» Problem details
Required from the data below: the exact lines starting at the line containing "Image for Creative" and ending at the line containing "Digital Culture Network", with both ends kept and all pictures dropped.

» Input data
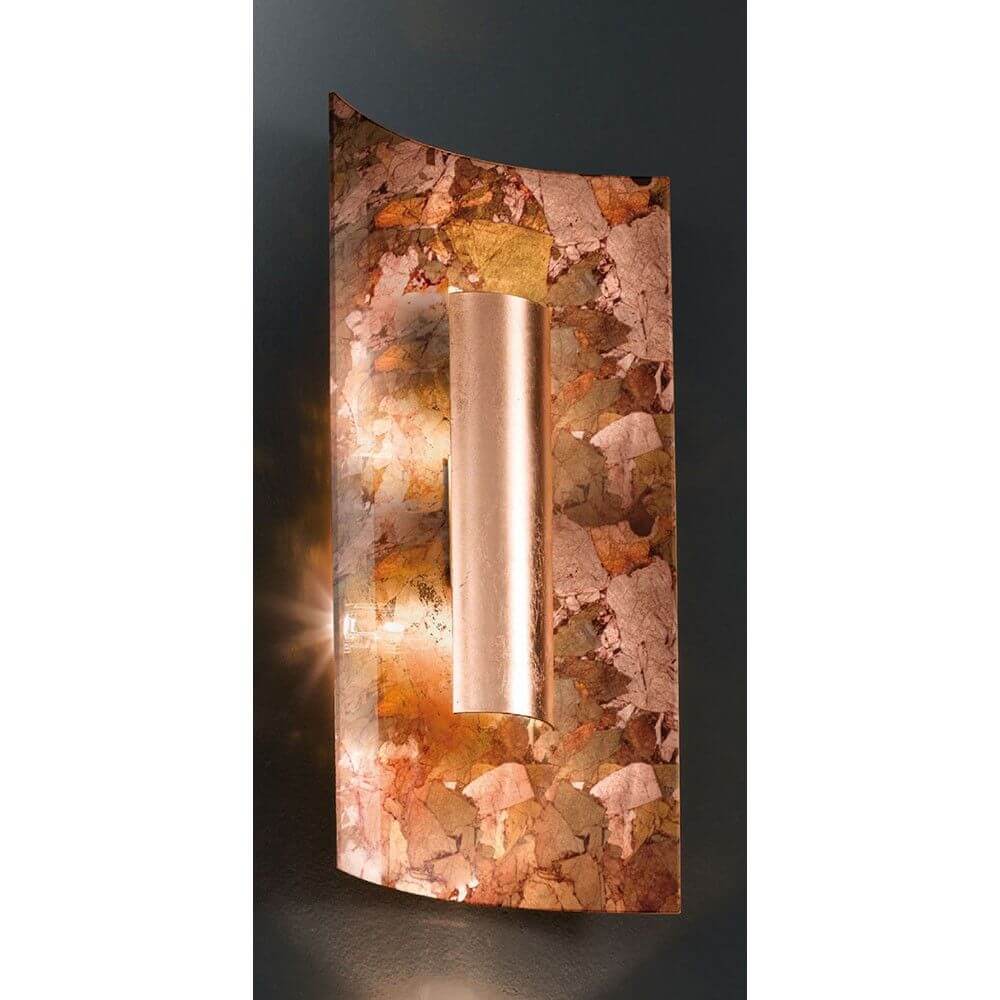 Aura Herbst Wand- und Deckenleuchte 2-flammig Kupfer 45cm mit elegantem Design und warmem Licht.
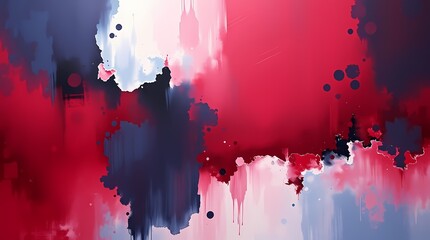 Abstract Color Splash: A vibrant and dynamic abstract artwork, featuring bold strokes of red, blue, and touches of lighter shades, evoking feelings of energy and artistic expression. 
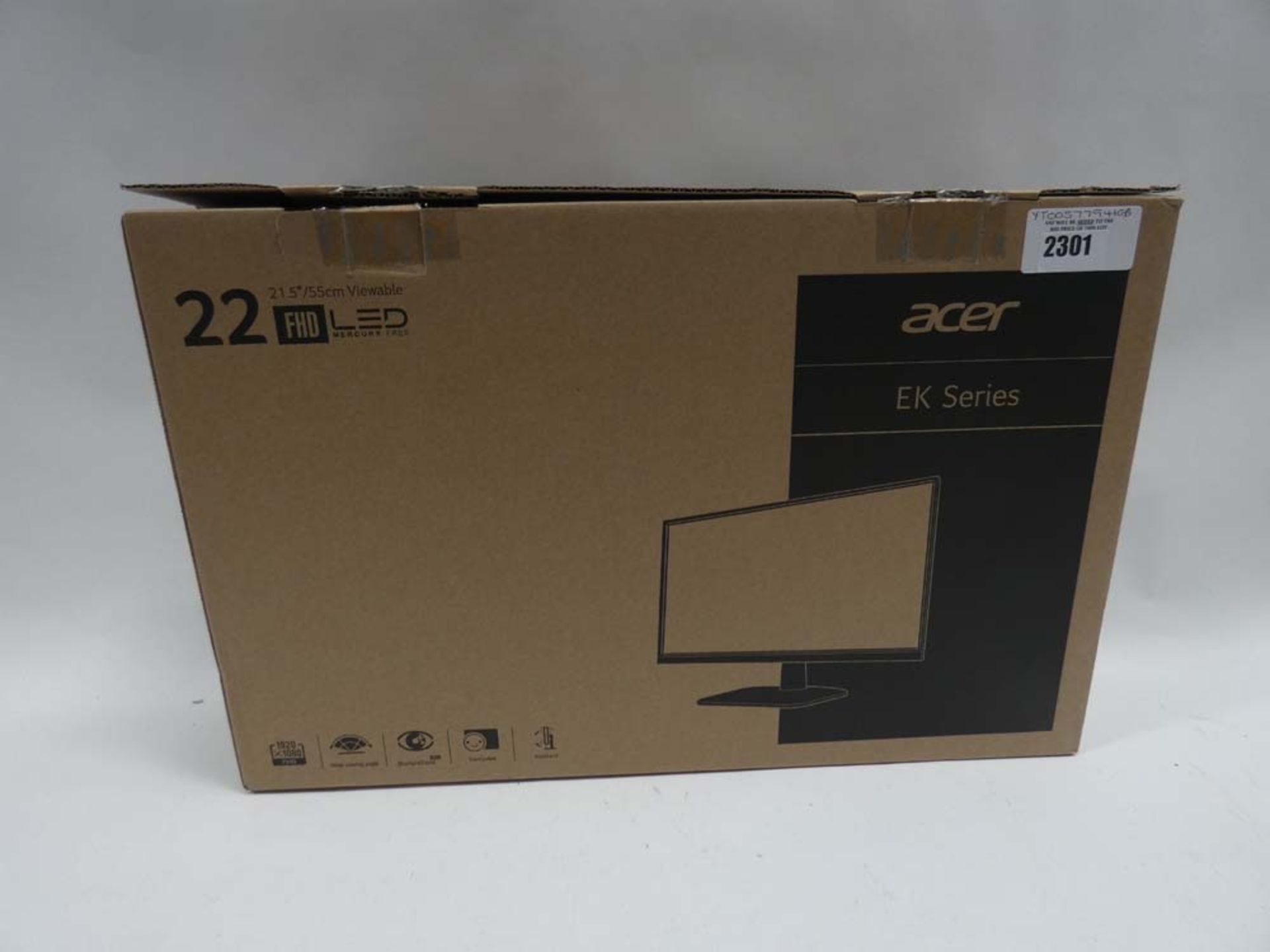 Acer EK Series 21.5'' LED monitor in box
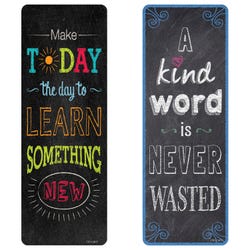 Image for Creative Teaching Press Chalk It Up Motivational Bookmarks, Pack of 30 from School Specialty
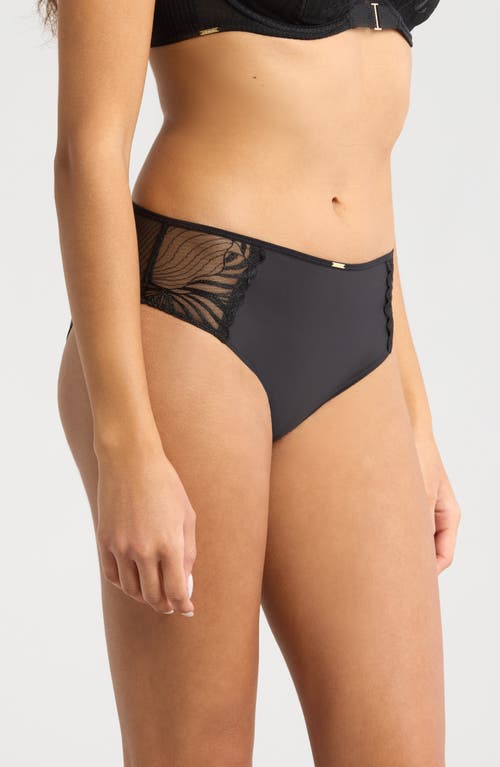 Chantelle Lingerie Legend Mid Rise Bikini Briefs In Black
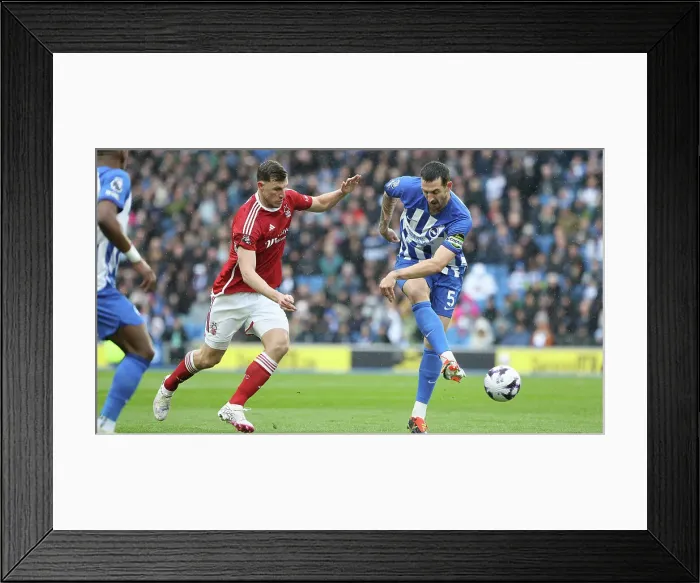 Framed Print : Brighton and Hove Albion v Nottingham Forest Premier League 10MAR24 Framed Print : Brighton and Hove Albion v Nottingham Forest Premier League 10MAR24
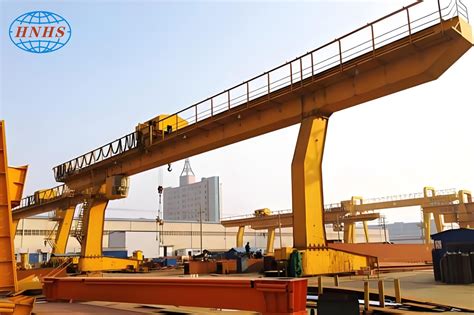 Huasui L Type 5 32t Single Main Girder Hook Gantry Crane Crane And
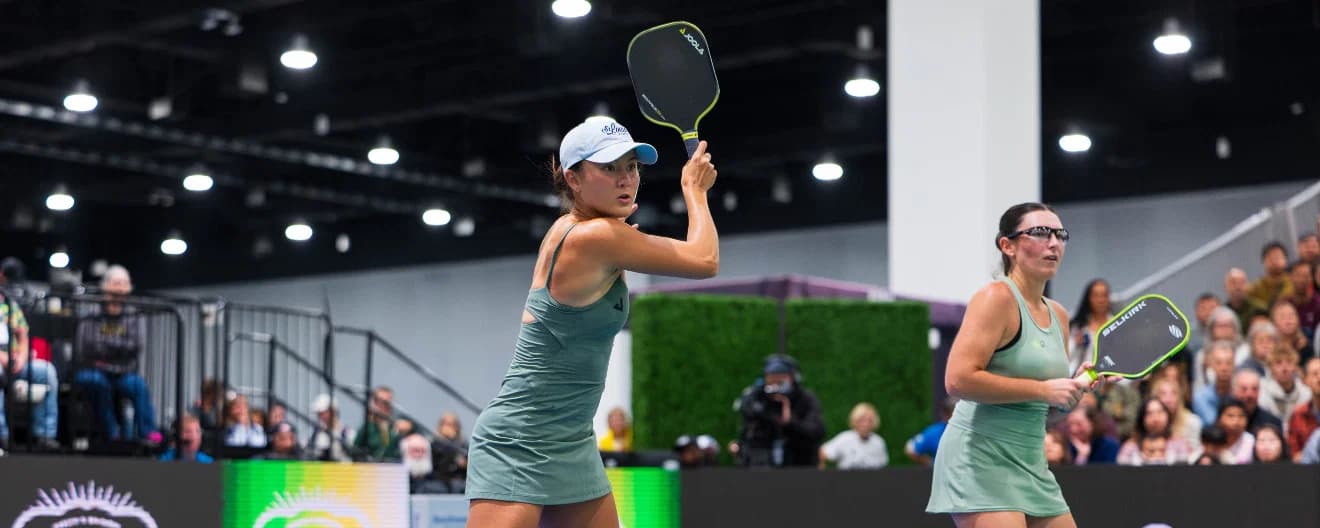 Anna Bright and Rachel Rohrabacher competing at the Veolia Milwaukee Open presented by Miller Lite.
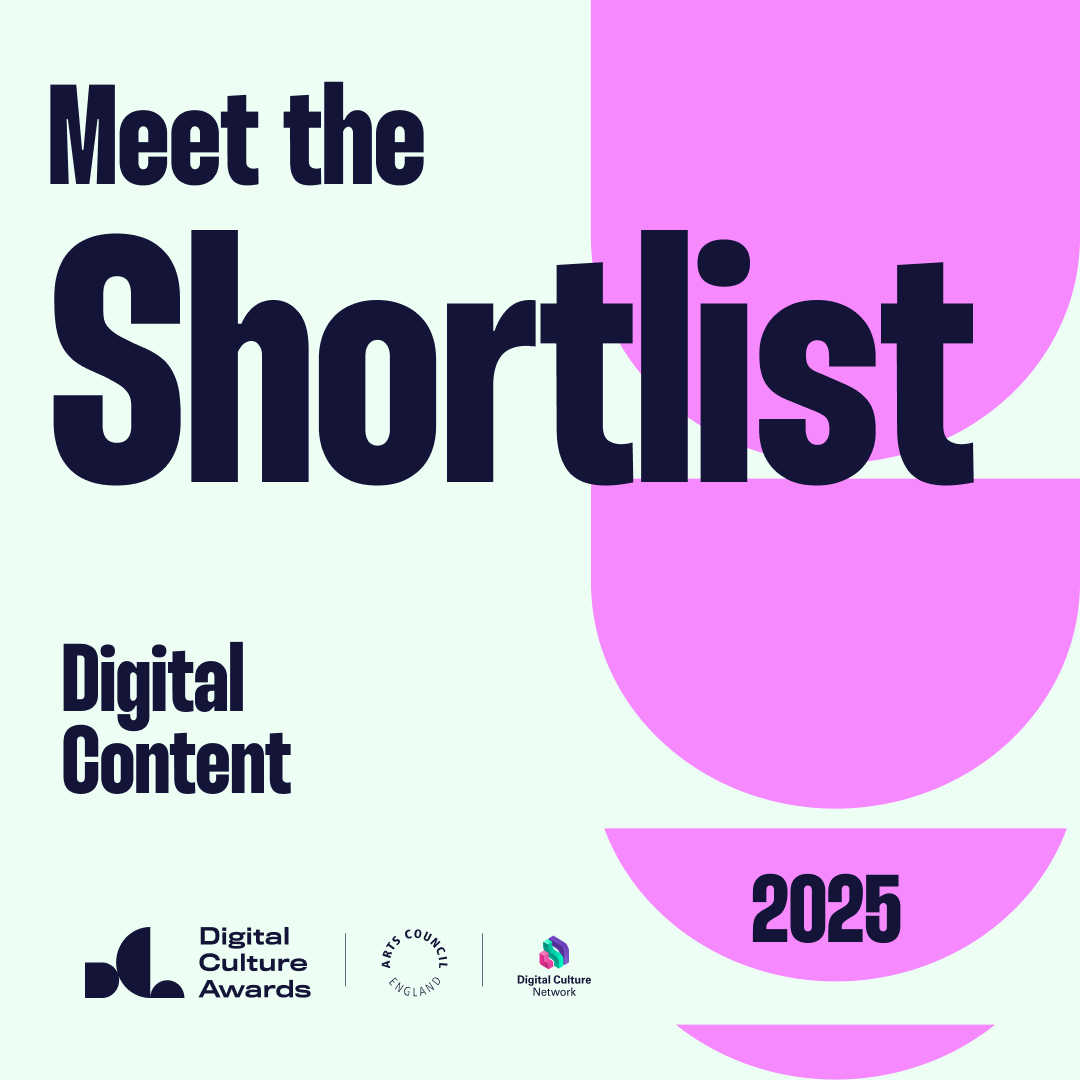 Digital Culture Network (@ace_dcn) on Twitter photo ⭐ Digital Content Category ⭐ recognises the innovative use of digital technology to create and distribute content #DigitalCultureAwards
Shortlist: <a href="/MBD_VR/">MBD</a> <a href="/CardboardCitz/">Cardboard Citizens</a> <a href="/mcrjewishmuseum/">Manchester Jewish Museum</a> <a href="/louiseorwin/">Louise Orwin</a> <a href="/RoyalArmouries/">Royal Armouries Conference & Events</a>
Meet the Shortlist: shorturl.at/afEp2
1/2 ⭐ Digital Content Category ⭐ recognises the innovative use of digital technology to create and distribute content #DigitalCultureAwards
Shortlist: <a href="/MBD_VR/">MBD</a> <a href="/CardboardCitz/">Cardboard Citizens</a> <a href="/mcrjewishmuseum/">Manchester Jewish Museum</a> <a href="/louiseorwin/">Louise Orwin</a> <a href="/RoyalArmouries/">Royal Armouries Conference & Events</a>
Meet the Shortlist: shorturl.at/afEp2
1/2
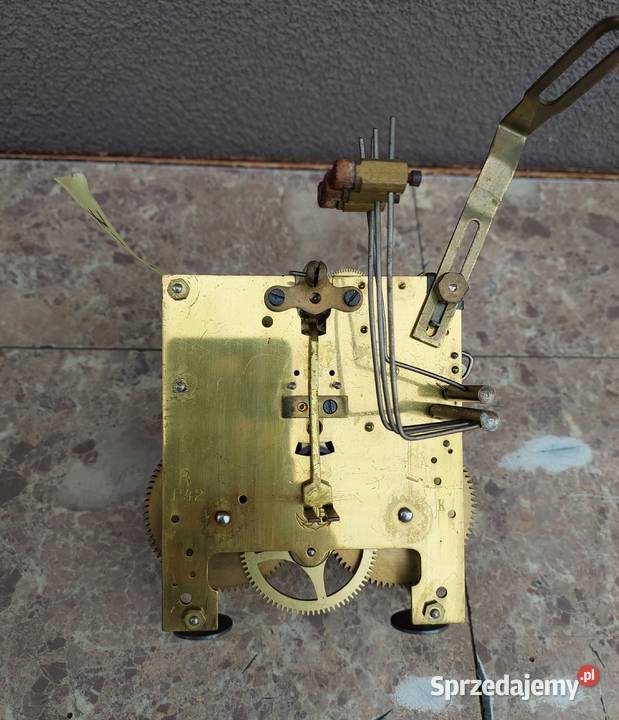 728 Mechanizm zegara ściennego Gustav Becker GB Tczew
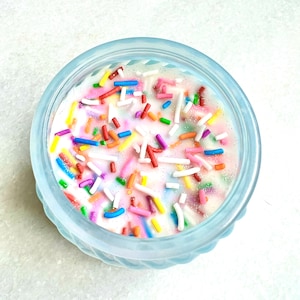 Sprinkle candle. Sweet candy candle. Soothing candle.  Calming candle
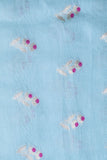 Blue Chiniya Silk Fabric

» The answer
 Image for Creative Teaching Press Chalk It Up Motivational Bookmarks, Pack of 30 from School Specialty
 Chantelle Lingerie Legend Mid Rise Bikini Briefs In Black
 Framed Print : Brighton and Hove Albion v Nottingham Forest Premier League 10MAR24 Framed Print : Brighton and Hove Albion v Nottingham Forest Premier League 10MAR24
 Huasui L Type 5 32t Single Main Girder Hook Gantry Crane Crane And
 Anna Bright and Rachel Rohrabacher competing at the Veolia Milwaukee Open presented by Miller Lite.
 Digital Culture Network (@ace_dcn) on Twitter photo ⭐ Digital Content Category ⭐ recognises the innovative use of digital technology to create and distribute content #DigitalCultureAwards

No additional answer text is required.